=== Try it ===
Both the line containing "Imagen de la" and the line containing "Bình thường cũng" belong to the span. Output exactly that span from the listing below, and nothing outside it.

=== Extracted data ===
────
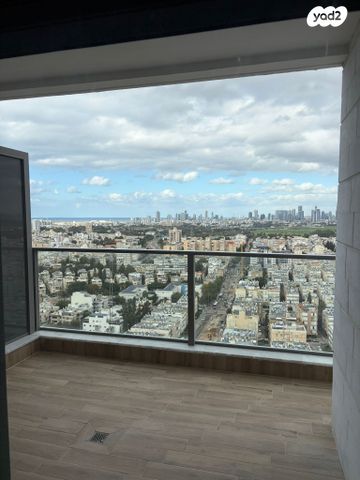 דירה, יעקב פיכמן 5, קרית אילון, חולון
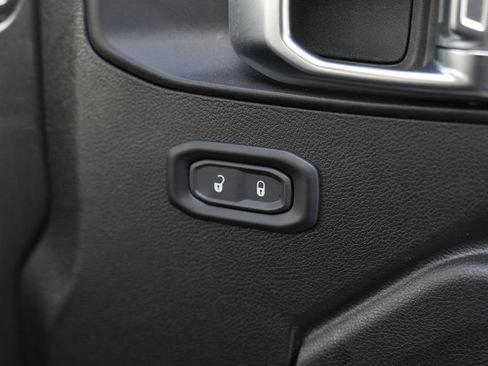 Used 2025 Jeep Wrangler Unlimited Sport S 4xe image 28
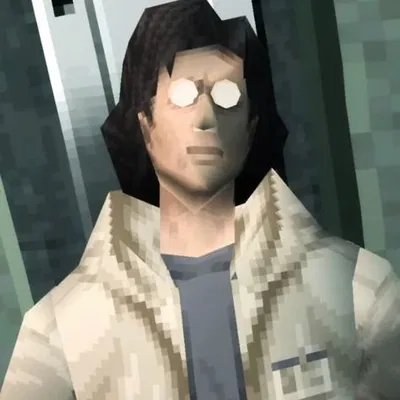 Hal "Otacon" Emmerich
────
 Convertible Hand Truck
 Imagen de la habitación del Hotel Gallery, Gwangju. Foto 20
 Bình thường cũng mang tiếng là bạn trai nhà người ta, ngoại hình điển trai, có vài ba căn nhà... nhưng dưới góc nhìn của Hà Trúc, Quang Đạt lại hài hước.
────
=== Problem solution ===
 Imagen de la habitación del Hotel Gallery, Gwangju. Foto 20
 Bình thường cũng mang tiếng là bạn trai nhà người ta, ngoại hình điển trai, có vài ba căn nhà... nhưng dưới góc nhìn của Hà Trúc, Quang Đạt lại hài hước.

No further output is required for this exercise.